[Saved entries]
──────

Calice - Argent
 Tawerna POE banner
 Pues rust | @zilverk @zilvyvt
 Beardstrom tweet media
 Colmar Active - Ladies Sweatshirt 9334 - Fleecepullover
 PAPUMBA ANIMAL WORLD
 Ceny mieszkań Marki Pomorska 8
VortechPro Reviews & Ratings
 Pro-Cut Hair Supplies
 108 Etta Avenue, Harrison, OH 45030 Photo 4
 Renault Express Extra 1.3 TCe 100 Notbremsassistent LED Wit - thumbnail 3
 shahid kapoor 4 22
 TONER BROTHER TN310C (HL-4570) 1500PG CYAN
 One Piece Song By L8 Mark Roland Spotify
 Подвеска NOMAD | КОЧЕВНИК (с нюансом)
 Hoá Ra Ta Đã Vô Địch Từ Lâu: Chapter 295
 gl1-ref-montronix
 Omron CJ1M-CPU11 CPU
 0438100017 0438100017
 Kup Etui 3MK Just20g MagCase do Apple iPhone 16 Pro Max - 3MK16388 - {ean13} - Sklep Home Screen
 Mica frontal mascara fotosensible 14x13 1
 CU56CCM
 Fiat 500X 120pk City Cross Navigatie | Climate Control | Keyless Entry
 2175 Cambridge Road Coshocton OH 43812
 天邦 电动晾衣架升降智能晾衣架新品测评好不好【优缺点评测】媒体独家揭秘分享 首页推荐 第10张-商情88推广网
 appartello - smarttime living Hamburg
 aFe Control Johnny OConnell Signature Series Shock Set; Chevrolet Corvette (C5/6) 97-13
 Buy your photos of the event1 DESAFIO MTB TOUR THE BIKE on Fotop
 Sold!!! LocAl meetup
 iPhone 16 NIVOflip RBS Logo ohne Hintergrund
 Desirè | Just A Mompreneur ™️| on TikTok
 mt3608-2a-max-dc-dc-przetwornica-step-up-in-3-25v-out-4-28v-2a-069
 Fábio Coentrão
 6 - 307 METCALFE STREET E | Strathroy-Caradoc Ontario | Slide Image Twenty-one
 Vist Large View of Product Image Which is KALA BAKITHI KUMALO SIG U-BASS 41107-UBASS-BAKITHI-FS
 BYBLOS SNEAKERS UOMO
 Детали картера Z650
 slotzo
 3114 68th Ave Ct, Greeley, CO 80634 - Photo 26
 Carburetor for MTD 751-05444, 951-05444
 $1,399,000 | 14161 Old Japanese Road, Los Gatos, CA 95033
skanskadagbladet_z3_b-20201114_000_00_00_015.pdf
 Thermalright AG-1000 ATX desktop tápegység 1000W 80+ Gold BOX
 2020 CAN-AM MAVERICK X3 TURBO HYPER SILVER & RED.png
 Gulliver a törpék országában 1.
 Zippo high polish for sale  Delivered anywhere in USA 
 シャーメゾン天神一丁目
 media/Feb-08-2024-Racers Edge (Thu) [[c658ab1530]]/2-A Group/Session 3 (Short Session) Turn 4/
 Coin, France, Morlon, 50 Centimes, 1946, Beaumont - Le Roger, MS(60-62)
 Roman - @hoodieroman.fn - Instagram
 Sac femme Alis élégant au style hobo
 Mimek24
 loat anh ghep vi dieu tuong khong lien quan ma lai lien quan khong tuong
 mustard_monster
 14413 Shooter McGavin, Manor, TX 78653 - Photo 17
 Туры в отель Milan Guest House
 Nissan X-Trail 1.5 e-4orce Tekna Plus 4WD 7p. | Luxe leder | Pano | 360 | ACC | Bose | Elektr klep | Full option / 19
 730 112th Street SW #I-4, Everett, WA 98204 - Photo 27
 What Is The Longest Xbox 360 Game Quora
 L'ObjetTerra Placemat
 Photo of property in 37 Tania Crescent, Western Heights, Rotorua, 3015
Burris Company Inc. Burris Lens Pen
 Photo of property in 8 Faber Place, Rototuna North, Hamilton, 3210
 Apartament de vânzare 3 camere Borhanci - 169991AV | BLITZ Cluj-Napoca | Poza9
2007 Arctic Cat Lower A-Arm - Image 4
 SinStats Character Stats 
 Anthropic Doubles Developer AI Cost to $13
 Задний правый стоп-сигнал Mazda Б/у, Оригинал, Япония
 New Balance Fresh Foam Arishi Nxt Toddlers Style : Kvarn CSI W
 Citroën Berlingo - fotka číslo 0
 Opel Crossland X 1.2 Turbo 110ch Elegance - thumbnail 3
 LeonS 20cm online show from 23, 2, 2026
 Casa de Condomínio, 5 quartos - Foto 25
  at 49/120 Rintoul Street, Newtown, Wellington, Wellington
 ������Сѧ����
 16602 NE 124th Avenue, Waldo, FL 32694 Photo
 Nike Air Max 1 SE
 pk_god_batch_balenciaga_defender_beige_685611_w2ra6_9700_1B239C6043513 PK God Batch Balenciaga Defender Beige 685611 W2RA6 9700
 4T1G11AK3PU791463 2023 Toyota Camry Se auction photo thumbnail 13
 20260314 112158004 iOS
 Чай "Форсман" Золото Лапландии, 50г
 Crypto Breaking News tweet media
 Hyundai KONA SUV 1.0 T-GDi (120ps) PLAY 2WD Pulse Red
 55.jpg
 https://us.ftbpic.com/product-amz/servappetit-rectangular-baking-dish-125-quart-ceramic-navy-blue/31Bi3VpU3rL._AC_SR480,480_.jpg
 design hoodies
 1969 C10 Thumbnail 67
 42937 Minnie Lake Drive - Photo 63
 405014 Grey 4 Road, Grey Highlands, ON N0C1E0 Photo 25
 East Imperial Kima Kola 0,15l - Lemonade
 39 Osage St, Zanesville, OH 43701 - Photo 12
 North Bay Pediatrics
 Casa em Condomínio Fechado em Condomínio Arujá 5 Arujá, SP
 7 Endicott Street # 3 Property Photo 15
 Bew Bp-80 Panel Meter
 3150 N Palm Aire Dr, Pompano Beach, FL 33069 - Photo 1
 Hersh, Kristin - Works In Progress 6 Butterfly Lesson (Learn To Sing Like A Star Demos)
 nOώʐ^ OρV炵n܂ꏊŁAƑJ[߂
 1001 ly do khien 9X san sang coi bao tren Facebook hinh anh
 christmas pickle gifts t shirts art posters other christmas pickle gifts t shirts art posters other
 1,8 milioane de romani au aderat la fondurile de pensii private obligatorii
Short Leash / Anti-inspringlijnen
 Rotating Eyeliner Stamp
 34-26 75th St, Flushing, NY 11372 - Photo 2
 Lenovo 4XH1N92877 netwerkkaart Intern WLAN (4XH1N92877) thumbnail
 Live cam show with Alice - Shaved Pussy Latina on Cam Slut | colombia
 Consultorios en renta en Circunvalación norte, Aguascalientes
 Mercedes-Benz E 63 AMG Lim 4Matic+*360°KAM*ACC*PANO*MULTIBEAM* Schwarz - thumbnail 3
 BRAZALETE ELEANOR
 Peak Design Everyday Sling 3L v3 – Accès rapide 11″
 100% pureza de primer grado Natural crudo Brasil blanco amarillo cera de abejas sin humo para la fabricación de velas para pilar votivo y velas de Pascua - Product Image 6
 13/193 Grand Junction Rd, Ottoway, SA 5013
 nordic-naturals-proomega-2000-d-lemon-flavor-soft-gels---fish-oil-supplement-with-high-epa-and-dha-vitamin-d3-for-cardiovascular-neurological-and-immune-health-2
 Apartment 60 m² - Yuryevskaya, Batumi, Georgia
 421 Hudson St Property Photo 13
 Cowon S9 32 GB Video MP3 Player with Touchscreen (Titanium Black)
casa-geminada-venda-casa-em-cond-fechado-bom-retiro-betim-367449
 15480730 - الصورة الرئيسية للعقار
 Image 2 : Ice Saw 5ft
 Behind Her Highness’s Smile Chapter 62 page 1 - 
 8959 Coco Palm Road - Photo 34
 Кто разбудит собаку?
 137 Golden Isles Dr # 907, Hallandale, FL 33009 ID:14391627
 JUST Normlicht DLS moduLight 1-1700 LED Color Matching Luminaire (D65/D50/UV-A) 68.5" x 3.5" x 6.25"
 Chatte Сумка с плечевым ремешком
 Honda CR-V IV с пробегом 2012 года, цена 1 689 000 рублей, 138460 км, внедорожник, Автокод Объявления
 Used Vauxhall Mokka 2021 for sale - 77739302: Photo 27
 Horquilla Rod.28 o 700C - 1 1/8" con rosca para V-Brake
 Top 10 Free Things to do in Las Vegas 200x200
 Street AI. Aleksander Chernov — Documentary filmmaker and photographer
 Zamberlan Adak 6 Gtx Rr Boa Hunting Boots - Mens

──────

> [What is needed] The expected answer is an exact copy of the lines above, beginning at the line with "Lenovo 4XH1N92877 netwerkkaart" and ending at the line with "Image 2 : Ice Saw 5ft", with both ends in.

> [Output]
 Lenovo 4XH1N92877 netwerkkaart Intern WLAN (4XH1N92877) thumbnail
 Live cam show with Alice - Shaved Pussy Latina on Cam Slut | colombia
 Consultorios en renta en Circunvalación norte, Aguascalientes
 Mercedes-Benz E 63 AMG Lim 4Matic+*360°KAM*ACC*PANO*MULTIBEAM* Schwarz - thumbnail 3
 BRAZALETE ELEANOR
 Peak Design Everyday Sling 3L v3 – Accès rapide 11″
 100% pureza de primer grado Natural crudo Brasil blanco amarillo cera de abejas sin humo para la fabricación de velas para pilar votivo y velas de Pascua - Product Image 6
 13/193 Grand Junction Rd, Ottoway, SA 5013
 nordic-naturals-proomega-2000-d-lemon-flavor-soft-gels---fish-oil-supplement-with-high-epa-and-dha-vitamin-d3-for-cardiovascular-neurological-and-immune-health-2
 Apartment 60 m² - Yuryevskaya, Batumi, Georgia
 421 Hudson St Property Photo 13
 Cowon S9 32 GB Video MP3 Player with Touchscreen (Titanium Black)
casa-geminada-venda-casa-em-cond-fechado-bom-retiro-betim-367449
 15480730 - الصورة الرئيسية للعقار
 Image 2 : Ice Saw 5ft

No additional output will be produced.